Senin, 14 Oktober 2019
NasionalPilpres 2019Politik

Sandi : Kekeliruan Input Data Nggak Bisa Didiemin, Harus Ada Sanksinya

73views

Jakarta – Mantan wakil gubernur DKI Jakarta yang saat ini sebagai calon wakil presiden no urut 02 Sandiaga Salahuddin Uno mneyatakan, bahwa kekeliruan dalam melakukan input data hasil pemilu tak semestinya didiamkan. Menurut Sandi, harus ada hukuman bila terdapat dalam kesalahan perhitungan suara. Hal itu di sampaikan oleh Sandi saat berada di Insomniak Coffee and Lounge, Jalan Tarumanegara, Cireundeu, Ciputat, Tangerang Selatan, pada (25/4/2019).

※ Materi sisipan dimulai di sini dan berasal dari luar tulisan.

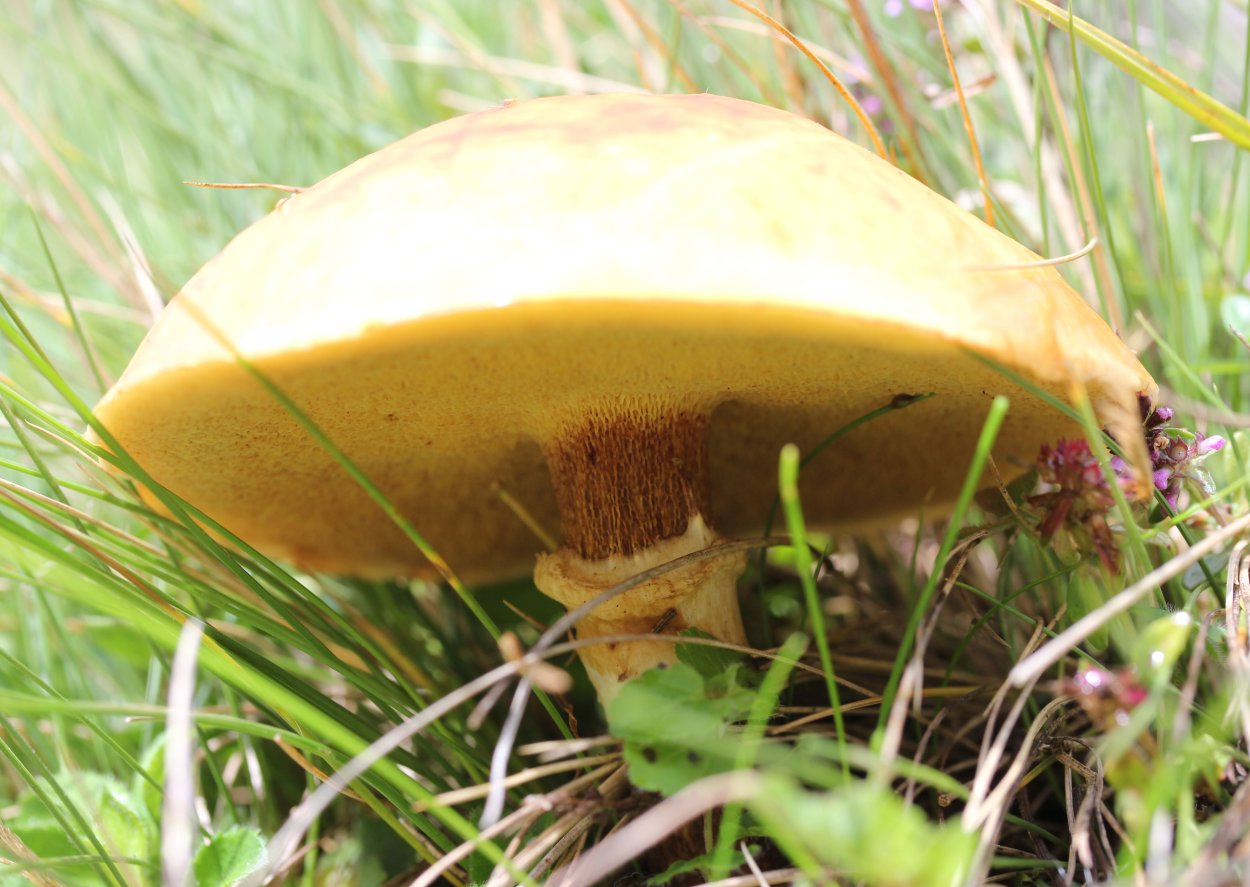 Масленок Пихтовый Suillus abietunus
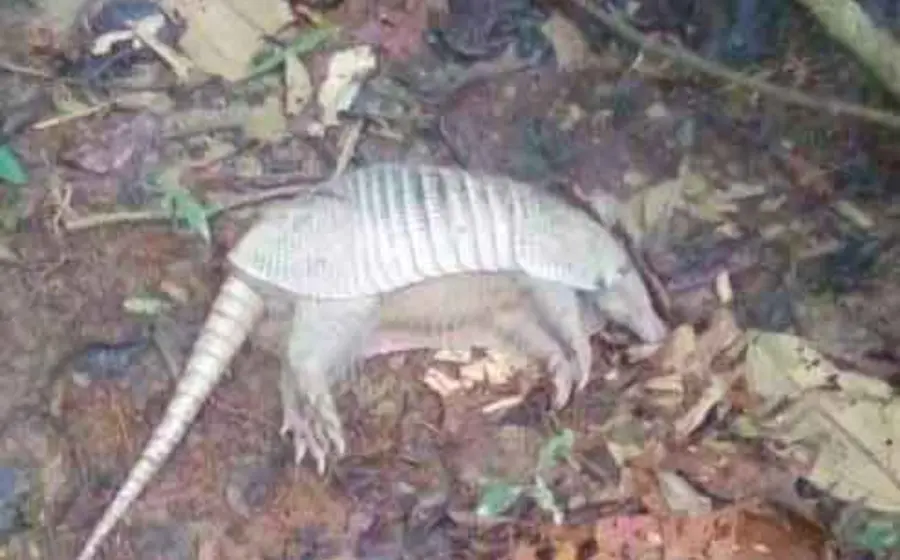 armadillo-muerto 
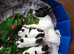 12 week old Jack Russell boy fully vaccinated & mico chipped ready for new home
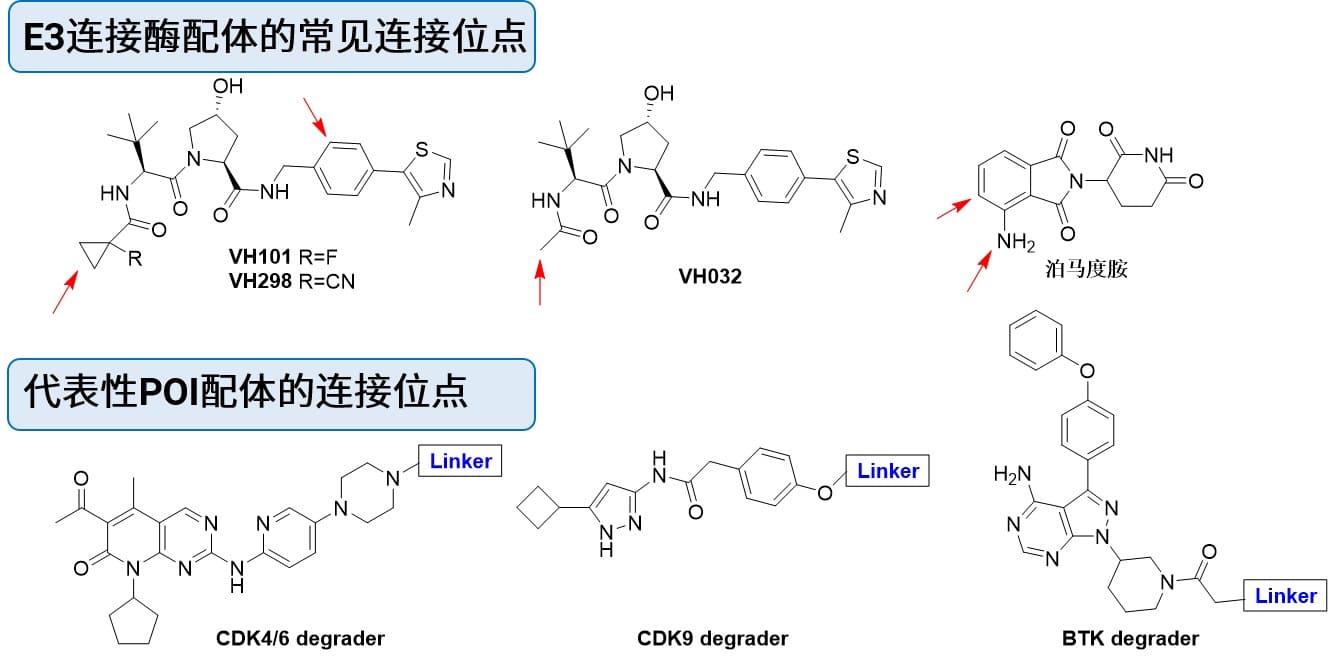 Linker的常见连接位点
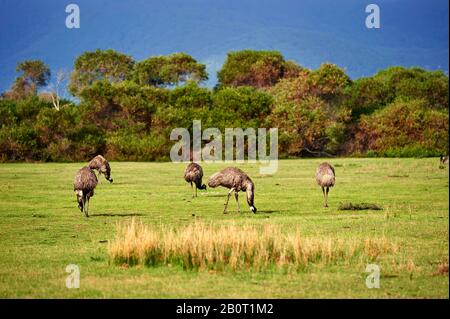 Emu (Dromaius novaehollandiae), Gruppe auf einer Wiese, Australien, Wilsons Promontory National Park Stockfoto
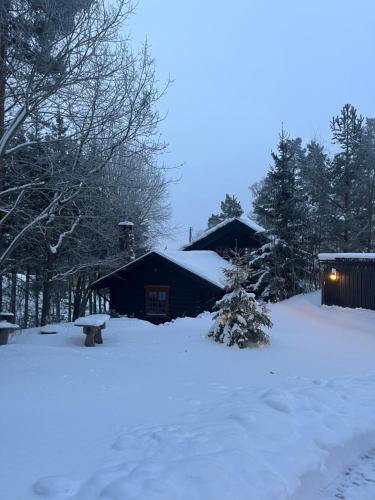 Hallingstua, Oslo (foto 2)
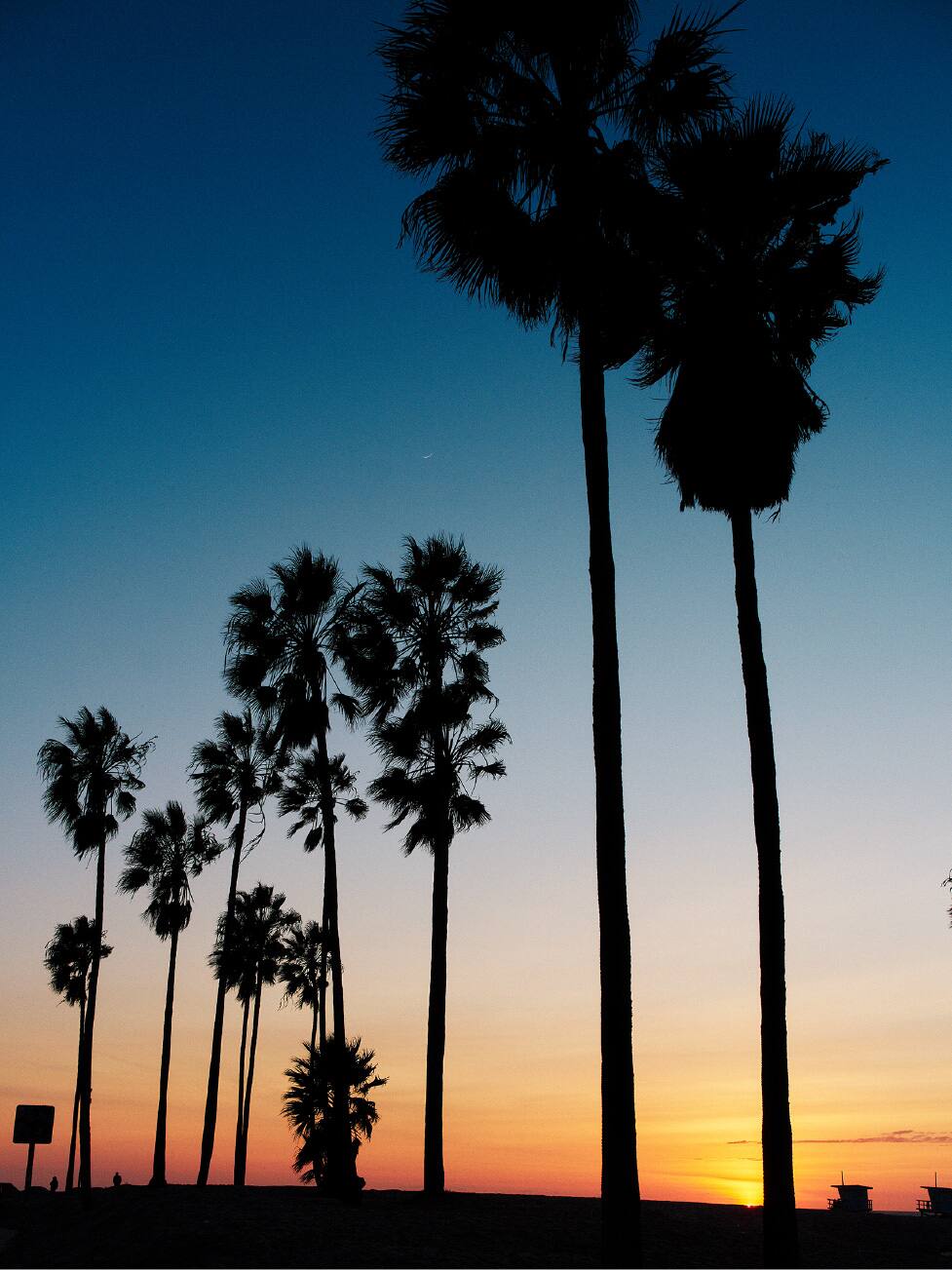 Silhouetted palm trees against a sunset sky.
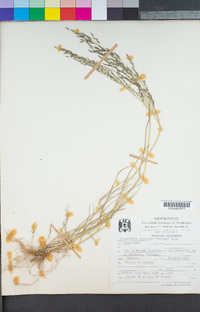 Eragrostis mexicana image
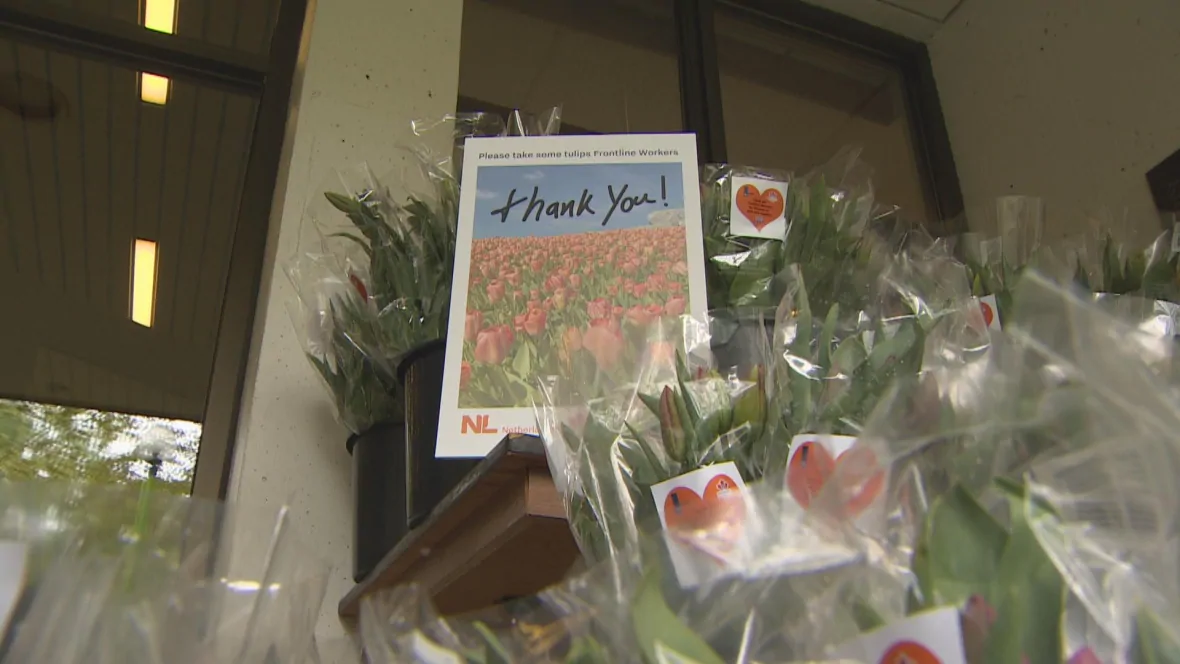 The tulips were planted last fall for commemoration ceremonies in May. (CBC)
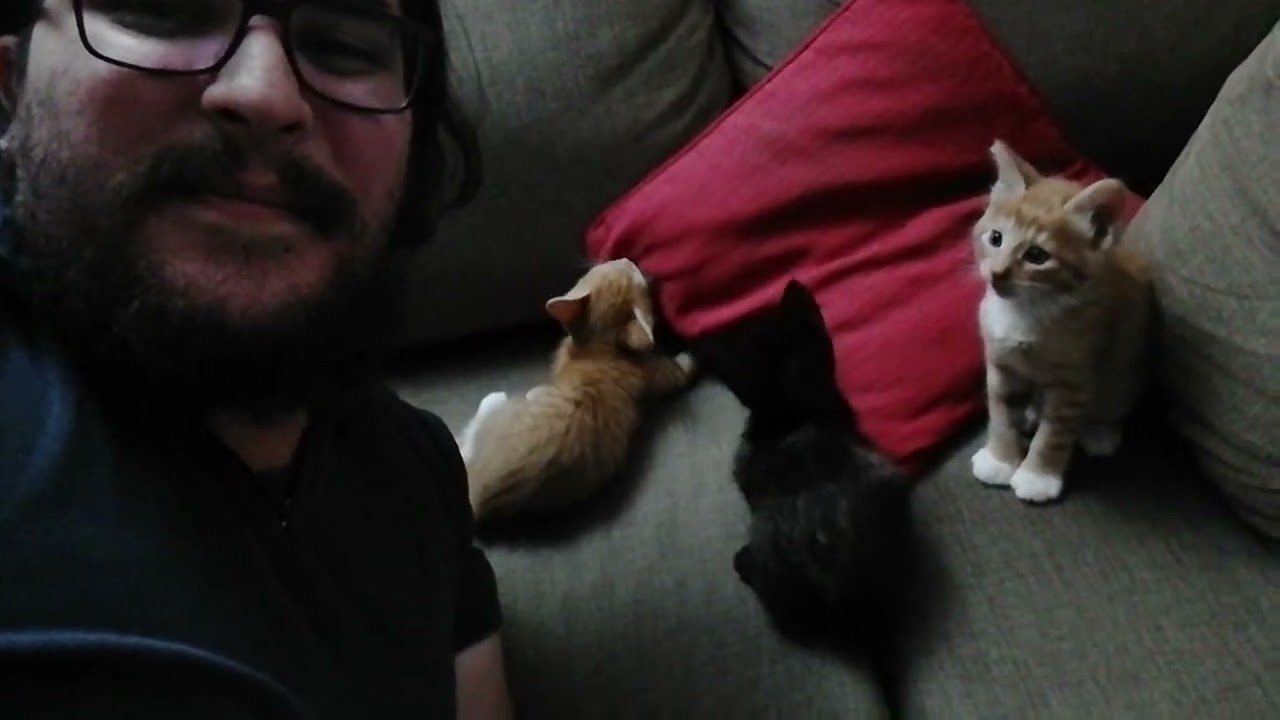 Jugando con los mishis - (21/12/2023)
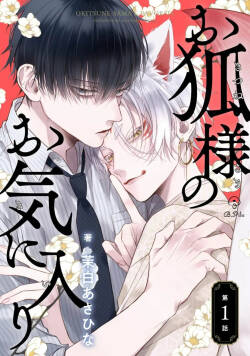 狐仙大人的绝世宠爱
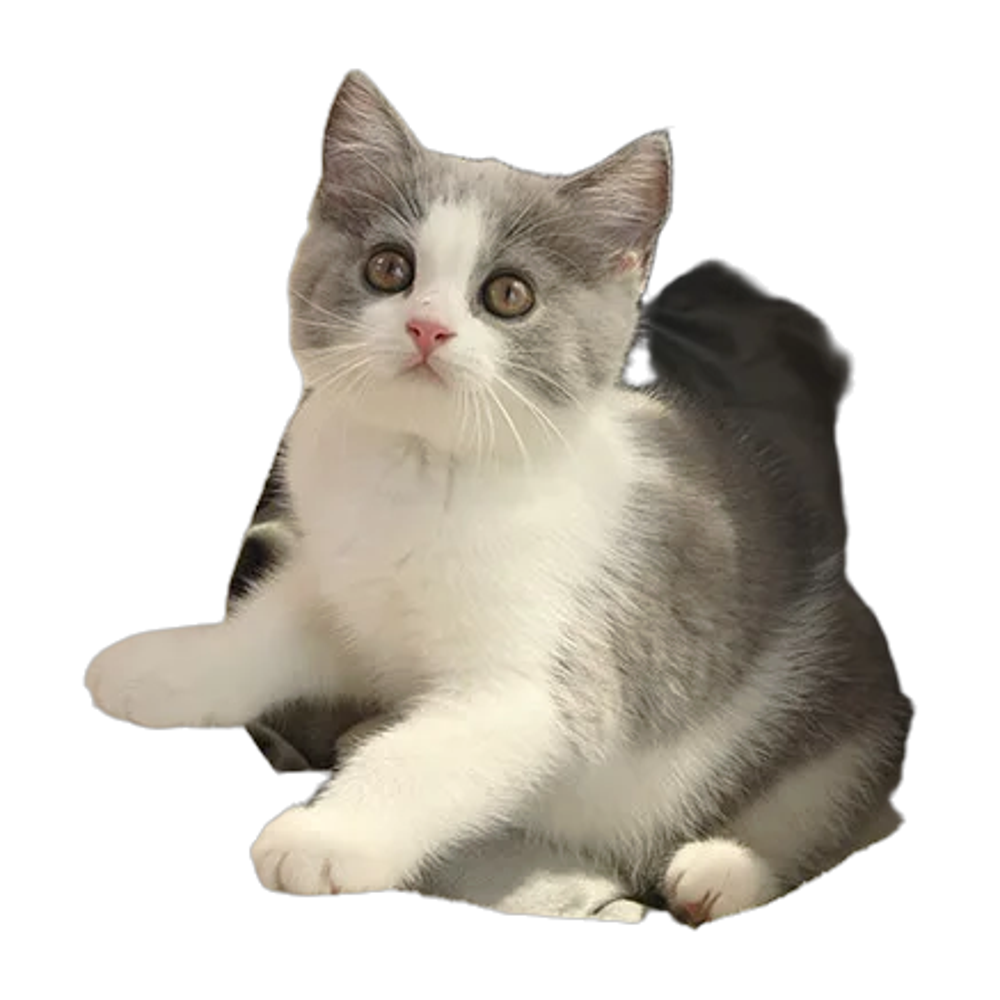 Lit chat coton oreilles pliable lavable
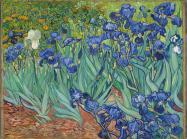 Vincent van Gogh, Irises, May 1889.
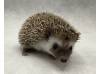 photo of hedgehog for sale
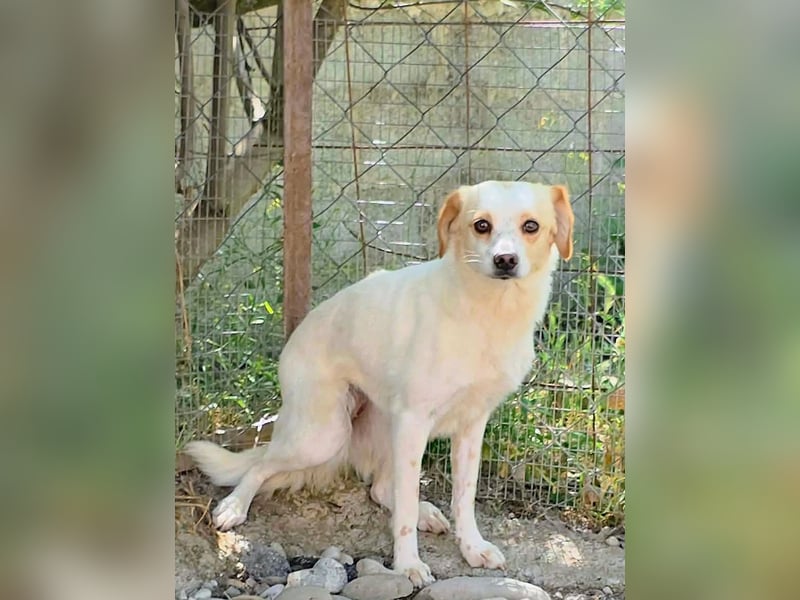 Lola sucht ihren sicheren Hafen
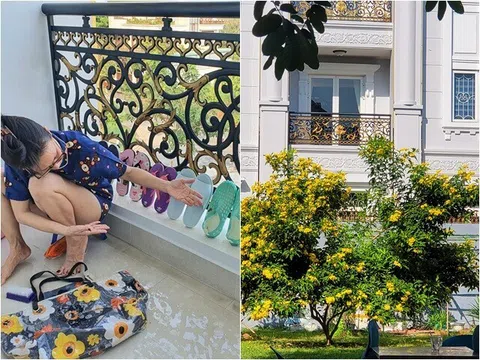 Nữ ca sĩ ở biệt thự 20 tỷ đồng nhưng không biết lái xe: Đi xe đạp bị tông, về nhà mấy giúp việc "rầy"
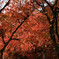 両足寺_紅葉01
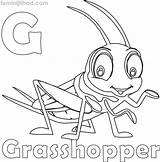 Grasshopper Coloringfolder sketch template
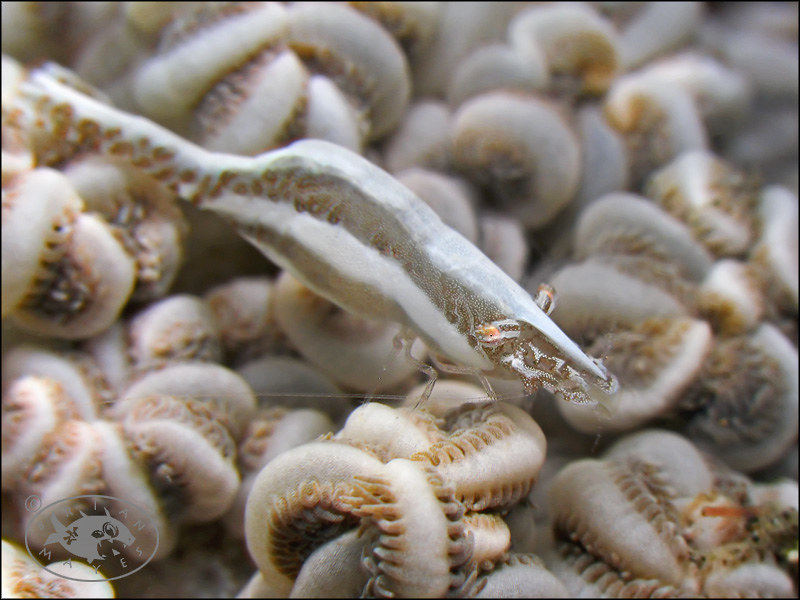Xenia Soft Coral Shrimp (Hippolyte commensalis)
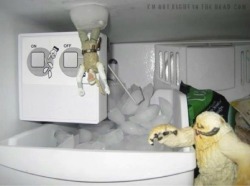 star-wars-daily:  Every Star Wars Fan Simply must do this with their freezer!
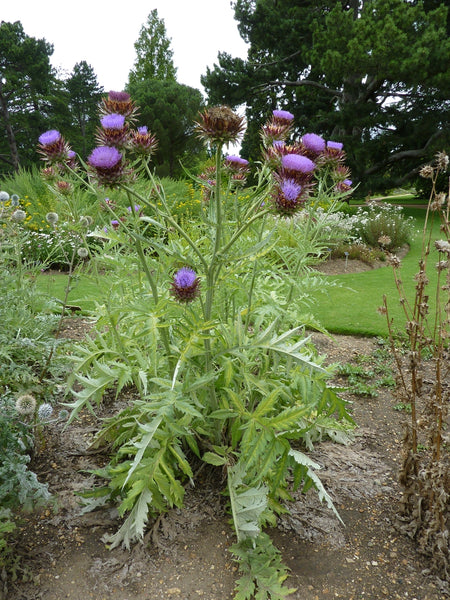 planting cardoon seeds Cardoon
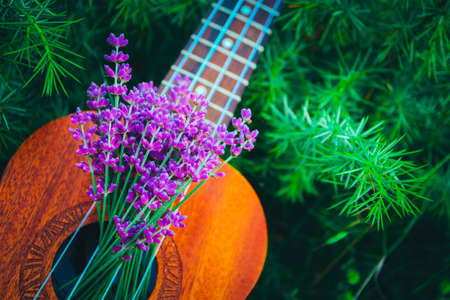 An ukulele guitar on the lavender field, close up. Music and nature concept.の写真素材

“Kesalahan input data, nggak bisa, nggak bisa didiemin. Ada pernyataan-pernyataan, ya karena kelelahan lah, manusiawi, nggak bisa kayak gitu, nggak boleh, harus dikoreksi, harus ada sanksinya,” ungkap Sandi.

Dia menjelaskan, jika hal tersebut berulang secara terus-menerus, hal tersebut bukan lagi di katakan sebagai kesalahan. Namun, hal itu telah menjadi pola dalam menginput data yang salah. Sandi juga meminta agar kejadian tersebut dapat segera di perbaiki. Bukan hanya itu saja, dia meminta agar perhitungan suara tersebut dapat terus di kawal dan juga di jaga.

“Kalau ini menjadi repetitif terus-menerus bahwa terjadi kesalahan input data ini ya ini bukan lagi kesalahan, tapi sudah menjadi pola, menginput data yang salah. Jadi tolong diperbaiki, tolong dikawal, tolong pelototin, jangan sampai ada yang tidak ada yang tersalurkan suara yang amanah dari rakyat,” jelasnya.

Sandi : Kekeliruan Input Data Nggak Bisa Didiemin, Harus Ada Sanksinya
Sandi : Kekeliruan Input Data Nggak Bisa Didiemin, Harus Ada Sanksinya (monitorkini.com)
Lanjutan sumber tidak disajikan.